This approach has two problems:

  1. Data loss - Full output is discarded permanently
  2. Reactive timing - Only triggers after context overflow, wasting a failed API call

For tools that return large outputs (file readers, API responses, database queries, log analyzers), the agent loses the ability to reference or reason about the content.

Proposed Solution

Add a hook-based mechanism to intercept large tool results via AfterToolCallEvent before they enter the conversation:

  1. Detect outputs exceeding a configurable threshold (e.g., 10KB)
  2. Persist full output to an artifact file on disk
  3. Replace the conversation content with a truncated preview plus artifact reference

Example output injected into conversation:

[Output: 125,432 chars | Full: artifacts/shell_20241124_143022.log]

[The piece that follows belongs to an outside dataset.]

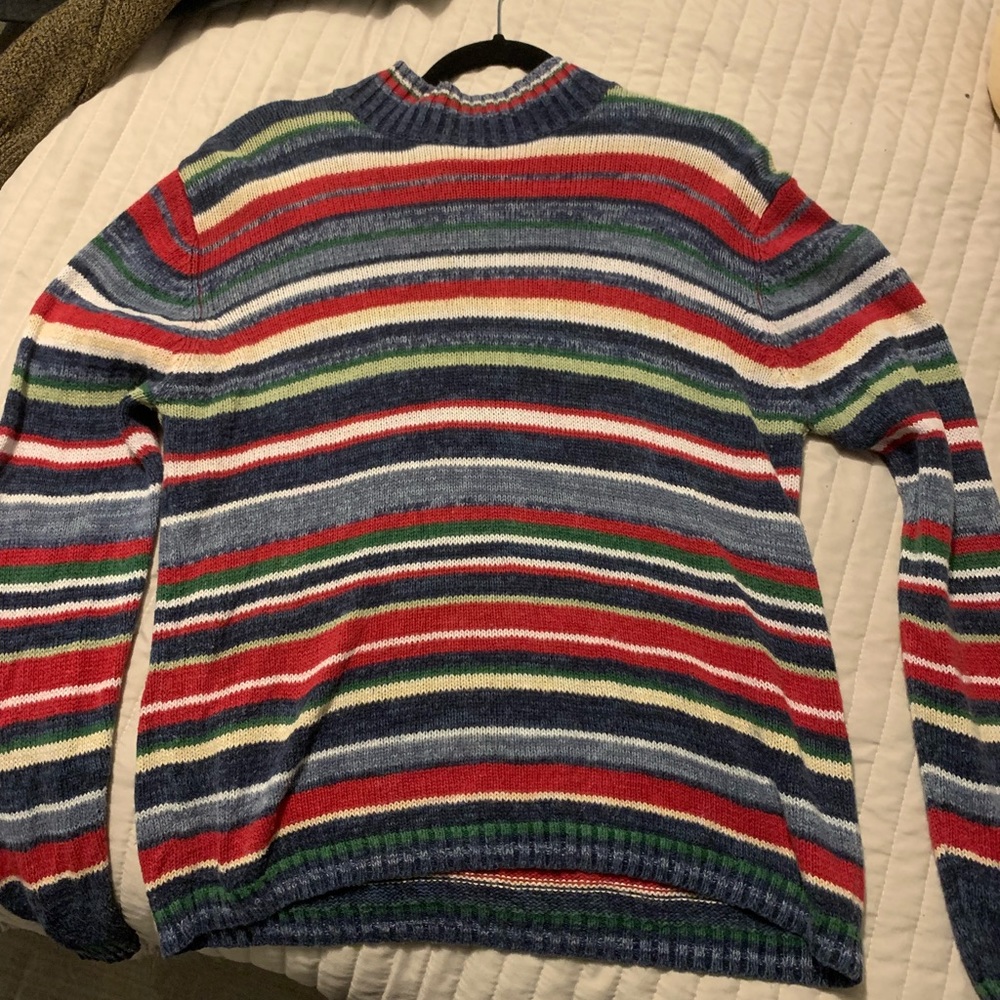Super warm vintage look sweater sure to make you warm and fashionable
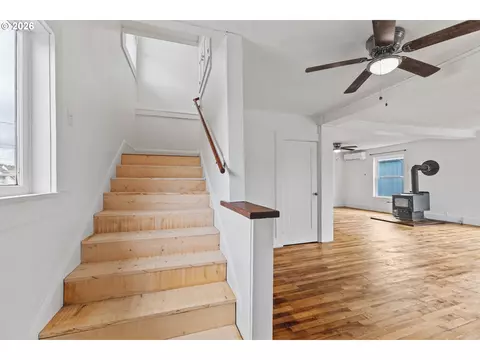 Entry Way - 645 5th St, Myrtle Point, OR 97458 photo 1 of 3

<first 4,000 characters as preview>

[Complete output saved to: artifacts/shell_20241124_143022.log]

Context window benefits:

  • 125KB output reduced to ~5KB in conversation (preview + reference)
  • Proactive reduction at tool execution time, not after overflow
  • Prevents large outputs from ever consuming context space

Use Case

  1. Context efficiency - Large outputs handled proactively, keeping context window clean for reasoning
  2. Long-running agents - Process large datasets, logs, or API responses without context pressure
  3. Debugging and auditing - Full outputs preserved on disk for review
  4. Multi-step workflows - Intermediate results retrievable via artifact path if needed later
agent = Agent(
    hooks=[LargeResultExternalizerHook(
        threshold=10000,      # Externalize outputs > 10KB
        artifact_dir="./artifacts",
        preview_size=4000     # Keep 4KB preview in context
    )]
)

Alternative Solutions

Artifact externalization complements #555 (proactive compression) and #556 (pruning) by reducing context consumption at the source while preserving full data.

Additional Context

This operates at a different layer than conversation management:

  • Triggers on AfterToolCallEvent (before conversation manager sees it)
  • Proactively reduces context consumption at tool execution time
  • Preserves full output to disk for retrieval
  • Provides immediate preview for LLM reasoning

Related: #555 (proactive compression), #556 (pruning), #1294 (token estimation), #1295 (context limit)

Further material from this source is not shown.